This repo contains files to perform an empirical analysis on the LM facebook/incoder-1B. The focus for this analysis is on statement completion, which will be done on two large code corpora, JavaScript and Python code, called P1K-22 and JS1K-22 respectively, scraped from the top-1000 most starred GitHub repositories.
In the incoder-analysis-java/src/main/java/dev/frankheijden/incoderanalysis
are the scraper
and preprocessing
folder, which will be the working directories for this part.
I suggest opening this project in an IDE such as Intellij IDEA, to execute the main functions in these files easily.
To fetch the top-1000 github repositories for JavaScript and Python, run the GitHubScraper file.
This will create a repositories.json
file, containing ~1000 JavaScript and ~1000 Python repositories.

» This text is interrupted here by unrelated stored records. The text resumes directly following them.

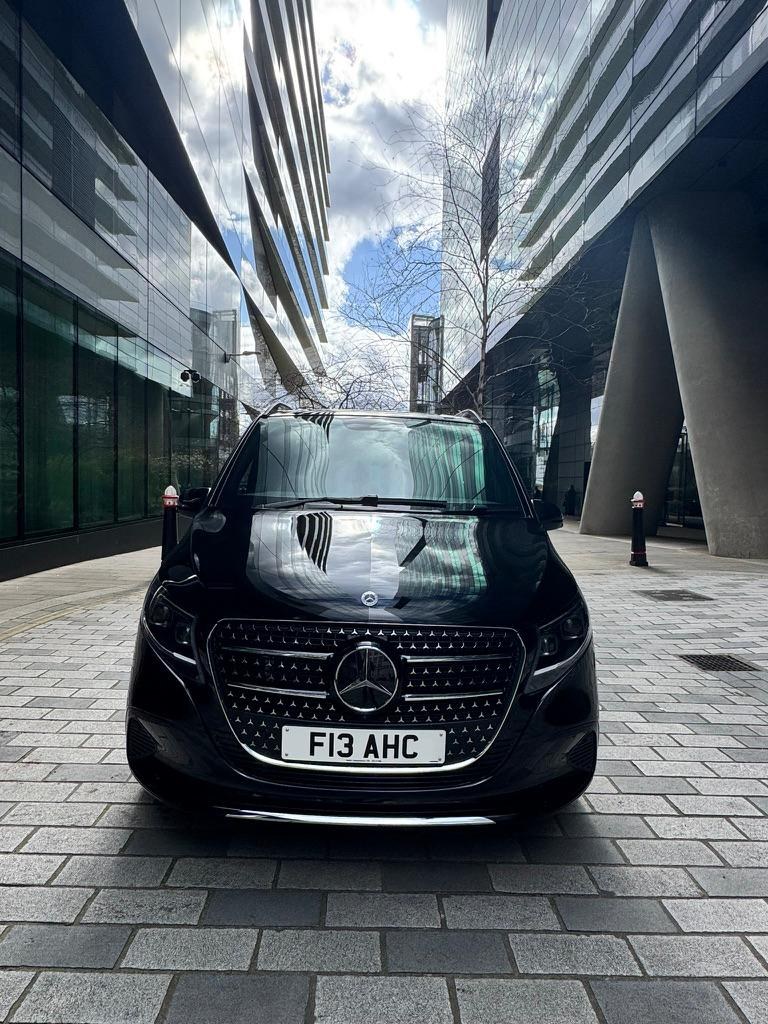 Halcolux Mercedes-Benz V-Class ready for an airport journey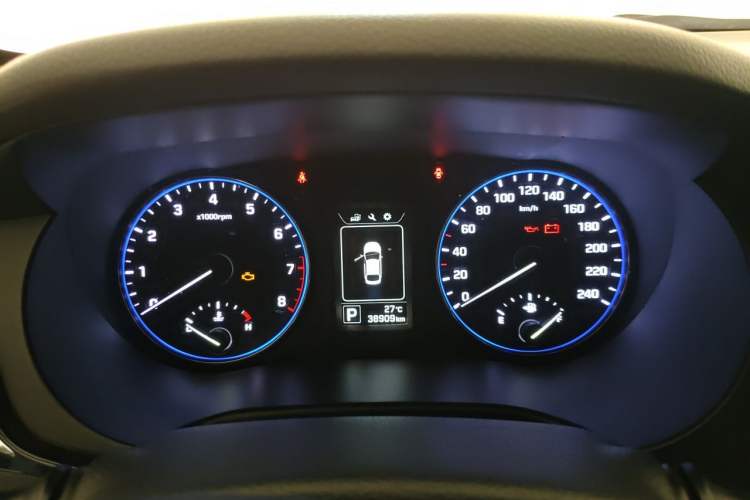 Used Hyundai Mistra 2014 1.8L Automatic Smart GLS Instrument Cluster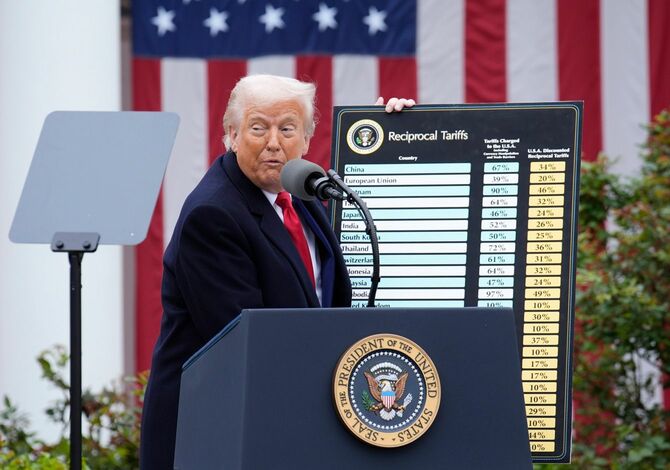 ホワイトハウスのローズガーデンで関税について発言するドナルド・トランプ米大統領（＝2025年4月2日、ワシントン）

Now run the GitHubZipDownloader file, which will download approximately ~25GB of zip files containing the code of the default branch for each repository.
The final step is to extract the source files from these zips. This can be done by using the RepositoryUnzipper file, which will extract Python and JavaScript source files from the archives. At the same time, it filters files based on an exact match, such that each source file is unique.
After the repository-files
directory has been filled, the dataset can be created from these raw source files.
I suggest opening the incoder-analysis-python
folder in an IDE such as PyCharm to execute these files easily.
In the scripts
folder, there's a script called create_dataset.py
, which will create the P1K-22 and JS1K-22 dataset.
The evaluation was ran on the Delft High Performance Cluster [1].
To help with job management, a start.sh
script was made, which bootstraps the sbatch run.sh
file.
For each dataset subset (P1K-22, P1K-22 without comments, JS1K-22, JS1K-22 without comments) a bash command was ran:
sh start.sh raw/python 4
sh start.sh raw/javascript 4
sh start.sh without-comments/python 4
sh start.sh without-comments/javascript 4
The above commands effectively spawn 16 slurm jobs, each requesting 4 NVIDIA v100 GPUs.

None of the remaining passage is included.